● **WORK ITEM**: Could you retype exactly the lines below between the one holding "Dwergpinscher honden Dwergpinchers" and the one holding "Skin Receptors", inclusive, leaving out any pictures?

● **DATASET RECORDS**:
▶
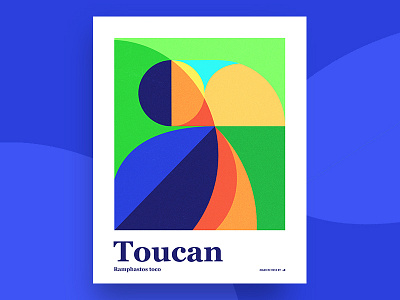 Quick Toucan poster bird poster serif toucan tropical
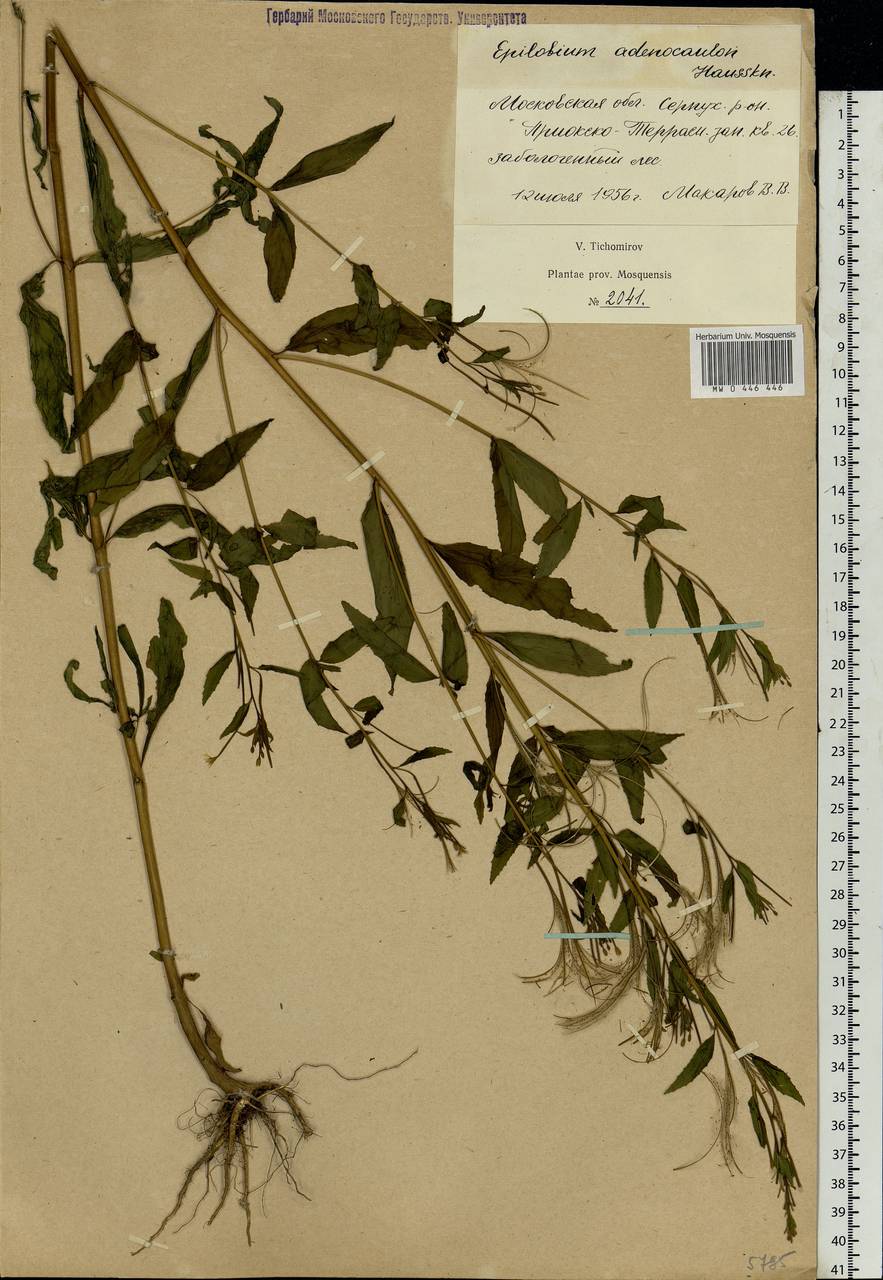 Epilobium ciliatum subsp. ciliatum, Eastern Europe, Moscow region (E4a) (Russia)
◀
▶
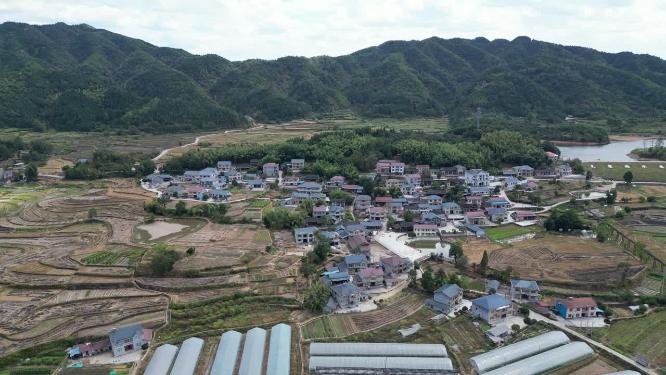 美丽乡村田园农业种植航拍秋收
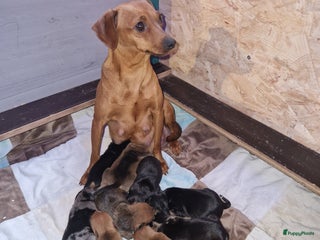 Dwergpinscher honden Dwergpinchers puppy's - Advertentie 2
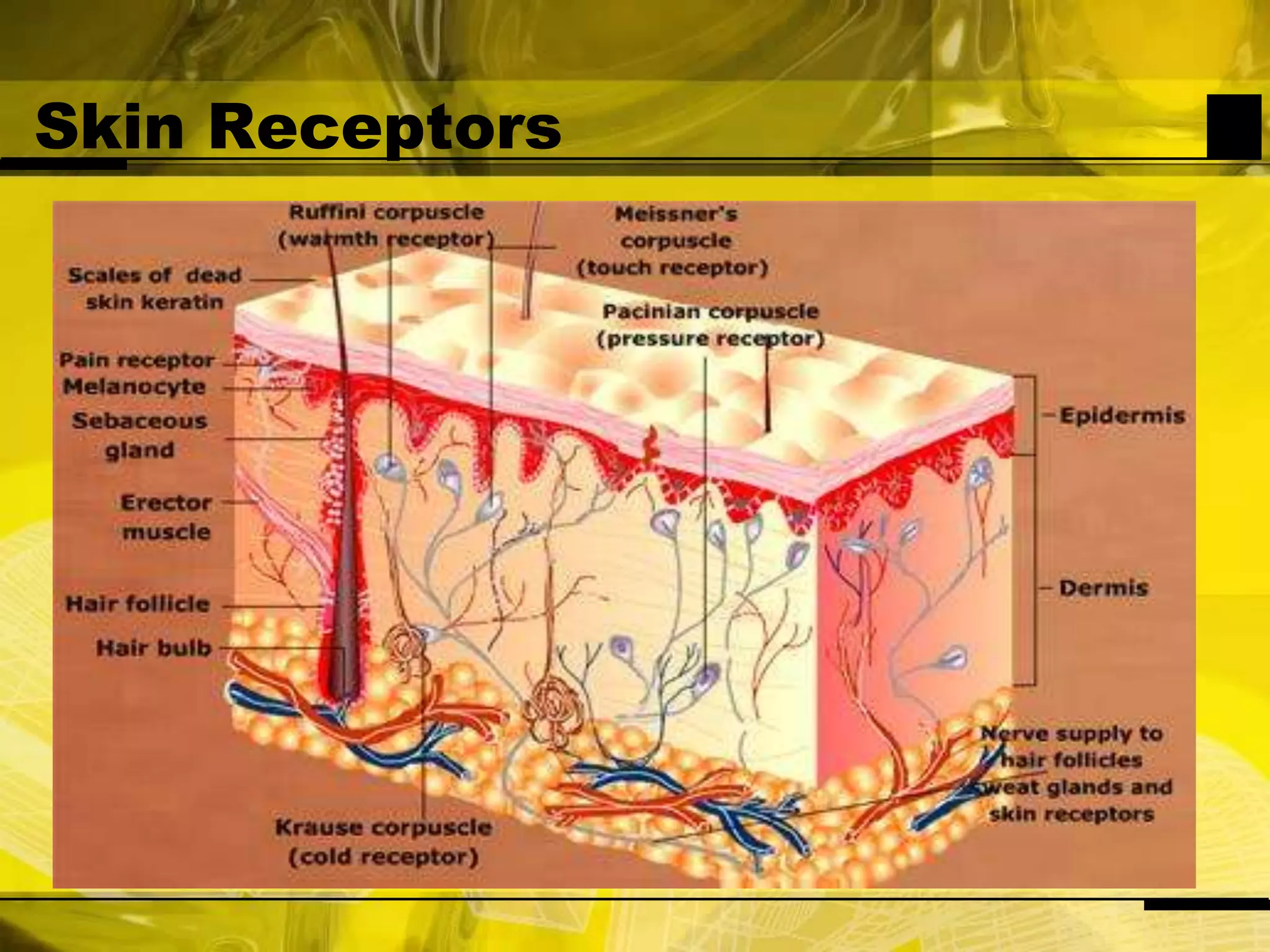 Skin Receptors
◀
● **COMPLETED EXERCISE**:
 Dwergpinscher honden Dwergpinchers puppy's - Advertentie 2
 Skin Receptors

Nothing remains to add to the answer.